È invece Arne Sorenson, ceo di Marriott International a parlare a nome della multinazionale americana che gestisce e concede in franchising numerose strutture ricettive: “Abbiamo circa 750.000 dipendenti, di cui due terzi negli Stati Uniti, per un totale di 1.4 milioni di camere. Sappiamo che a gennaio, in Cina gli affari sono diminuiti del 90% - nella terza settimana di gennaio, come sta accadendo qui. A Macao per esempio, pensiamo di aver toccato il fondo con il 2% di occupazione, ma stiamo perdendo ogni giorno. Dipendenti e liquidità sono ora le nostre priorità”, sottolinea.
Non è meno preoccupato Elie Maalouf, chief executive di InterContinental Hotels Group: “Abbiamo circa 6.000 hotel nel mondo, di cui 3.800 negli Stati Uniti, più di 530.000 posti letto.
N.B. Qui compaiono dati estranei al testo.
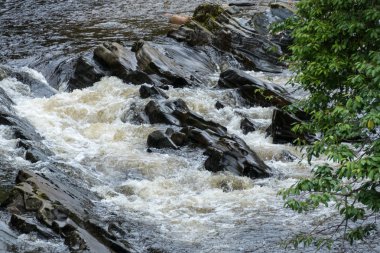 Feshiebridge İskoçya'da taşlara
L’80% di questi sono di proprietà di piccoli imprenditori in 50 Stati, in ogni parte del globo”, evidenziando come nl mondo, ma anche negli Stati Uniti, l’industria del turismo sia fatta per lo più da piccole e medie imprese.
Anche in Italia per gli alberghi la situazione è drammatica.
In Lombardia, per esempio, la regione più colpita, Federalberghi Milano Lodi Monza e Brianza, stima, come fatturato di solo camere, un calo generale dei ricavi per il comparto di oltre 100 milioni di euro a marzo e più di 160 milioni di euro in aprile. “Considerando anche i servizi di ristorazione e sale riunioni con meeting ed eventi annullati”, spiega il presidente degli albergatori Maurizio Naro, “arriviamo ad una perdita complessiva di fatturato di oltre 350 milioni di euro”. Le 55.000 camere cancellate dal 1° marzo fino al 30 aprile servivano ad eventi fieristici di primo piano come Expocomfort e il Salone del Mobile, prima spostati poi definitivamente cancellati.
A Milano restano solo 1.000 camere disponibili (tra l’altro usate per lo più soprattutto per l’emergenza) a fronte di una disponibilità, in tempi normali, di 35mila camere. Secondo i dati Cerved l’ospitalità è il settore con la performance peggiore, seguito a breve distanza da agenzie di viaggio, tour operator e strutture ricettive extralberghiere che, in uno scenario ottimistico, subiranno fino a maggio una perdita superiore al 37% rispetto al 2019 e saliranno ad oltre il 73% fino a dicembre. Se in un primo tempo si è parlato di arresto dei viaggi e ripresa entro giugno, infatti, si comincia più realisticamente a parlare di settembre-ottobre.